Saturday, April 11, 2009

Worldviews: Alleged and Actual

This morning I finished James W. Sire, Naming the Elephant: Worldview as a Concept (Downers Grove: InterVarsity, 2004).

One idea that struck me in a new way was that worldviews are not merely intellectual but encompass the whole person. So often in philosophical circles (of whatever persuasion), worldviews are discussed as systems of thought that correspond to reality and have internal coherence (to a greater or lesser degree). While we have an intuition that we should be living according to our worldview, we rarely dwell on this idea when discussing worldviews as such. But Sire quotes approvingly from Wilhelm Dilthey that worldviews are arrived at intellectually in the cognition of reality, affectively in the appraisal of life, and volitionally in the active performance of will.

In other words, worldviews are not merely how we say we view reality but how we actually view reality, as demonstrated by our affections and actions. For this reason, perhaps Kuyper's life system is a preferable term to denote what we are talking about here.

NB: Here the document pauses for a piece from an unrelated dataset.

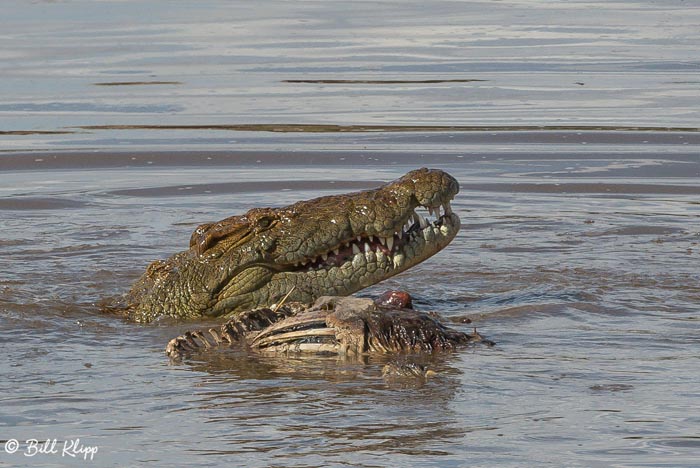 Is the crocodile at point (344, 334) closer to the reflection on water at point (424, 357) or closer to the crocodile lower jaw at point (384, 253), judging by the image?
the reflection on water at point (424, 357)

Sire summarizes this insight and offers a pointed application to Christian believers:

The point is, our worldview is not precisely what we may state it to be. It is what is actualized in our behavior. We live our worldview or it isn't our worldview. What we actually hold, for example, about the nature of fundamental reality may not be what we say.

Here is a simple test. On one side of a sheet of paper, write what you believe about prayer. Now turn over the sheet and write down how much and how often you pray. Or vary that. On one side of a sheet of paper, write what you believe about God that supports what you believe about prayer. Now turn over the sheet and write what your prayer life indicates about what you really believe about God. Christians are often less spiritual that their stated worldview would require (133).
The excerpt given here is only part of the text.